Saturday, July 28, 2007

Well now that I have expectations, it's only natural to break them

Ahh books, one of my great pastimes. I've read many a book in my day and age. As a child I absolutely devoured books, enough that my teachers didn't know what to do with me. I had a college reading level by the time 3rd grade rolled around, I suppose that might have played a small part in it.

Like all things I've gone through different genres in phases. Somewhere out upon the fringes of my memory I vaguely recall reading a vast amount of Hardy Boys books as a child. Merely whetting my appetite for the fantastical, this eventually developed into a hearty proclivity for horror and fantasy works. Places like Xanth, Amber and Deva were my stomping grounds for the majority of my teenage years, even up to the very cusp of my high school shenanigans. Although once there, my teachers firmly instilled unto me a righteous taste for the hegemony of great novels and the authors thereof.

My fellow peers reacted with apprehension and eventual abhorrence towards an aging man and the woes entailed by his frailty and years. The sea was a harsh mistress, our young minds were told, although one easily surpassed by the committee that required the book for all freshman English courses. Myself, I sat enraptured by the novel, unable to articulate the tremendous flood of emotions that were pouring forth from me. Naturally, in the interest of jockeying for position on the social ladder, I concealed my predilection for fear of ridicule (What?! You like Hemingway? Iain's a misogynist! Iain's a misogynist! ). However, from that point on I knew that the classics were my fodder, and my free time my...giant mouth with which to eat them.

I fear that I'm beginning to start scraping the barrel in regards to books to read at the rate that I'm going these days, although I'm sure once school starts up I'll slow down again. I'm just making up for lost time anyway, nothing to be worried about. Over the school year I think I only read one non-required book for reading, A Heartbreaking Work of Staggering Genius, but with a multitude of history classes and an English class to boot, I had my hands full otherwise. Easily the main highlight on the literature spectrum from that year was the discovery of What's Eating Gilbert Grape. Our focus for my English class was Iowan literature, which subsequently turns out to be a bit sparse in regards to classics, albeit moderately interesting overall. Although I certainly didn't expect such an amazing book as Gilbert Grape. J.D. Salinger-esque would be the best way to put my summary of that book. By far one of my favorite books in the last few years.

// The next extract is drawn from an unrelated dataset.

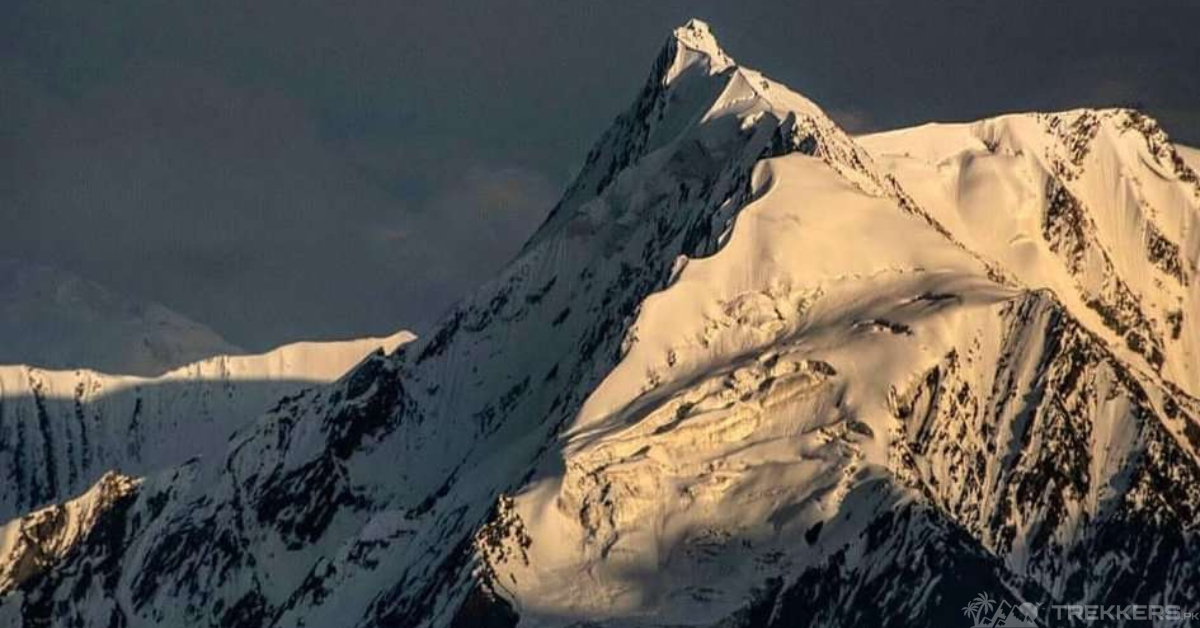 Eyeing to Surmount the Greater Heights of Malubiting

Side note: I feel like I shouldn't refer to my college courses as classes, they just sound so uninspiring. From now discourses of utmost distinction for me and only discourses of the utmost distinction.

Most of the rest of the works given to us by our English professor were fairly uninteresting, although did you know that there was not only a book, but a play and a movie written about our dear Iowa State Fair? The mind boggles. My prof. did inspire me enough to try out Shoeless Joe, the basis for Field of Dreams, though. I felt the need to expand my literary horizons. Well Dr. Broz I did. And now I'm unexpanding them.

All of this leads up to my current book list for the summer of '07. I've been quite busy it seems, considering how ultimate has been consuming my life lately. Most of these were read in a flurry of activity both before and after my trip to Maine. It seems, based upon my rankings, that I have a taste for dystopian novels, although the mood of the ending apparently makes no difference to me.

I'll spare you my layman's reviewing skills: on to the list!

Ranked in order of relative unadulterated awesomeness:
A Clockwork Orange
1984
Life of Pi
For Whom the Bell Tolls
Adventures of Huckleberry Finn
On the Road
Shoeless Joe

Up next, Fahrenheit 451 and the veritable tome that is Don Quixote, wish me luck.

1 comment:

Melissa Jo Gibbs said...

I had a lot more written. Erased it to only say "I love books." I have been working on classics for some time now because I don't get much free reading in. The Old Man and the Sea has always been a favorite of mine but I can't really get much other Hemingway's under my belt because of the war subject. I've recently tried to start Don Quixote too but I think that will have to wait. Notably, I remember reading The Idiot by Dostovesky and thinking, wow, I'm so going to read everything he has written although I have to slug through tons of Russian references I don't completely follow and look up lots of word defnitions. Have you ever read Siddhartha? You make me want to make a book blog myself. Look forward to more book talk.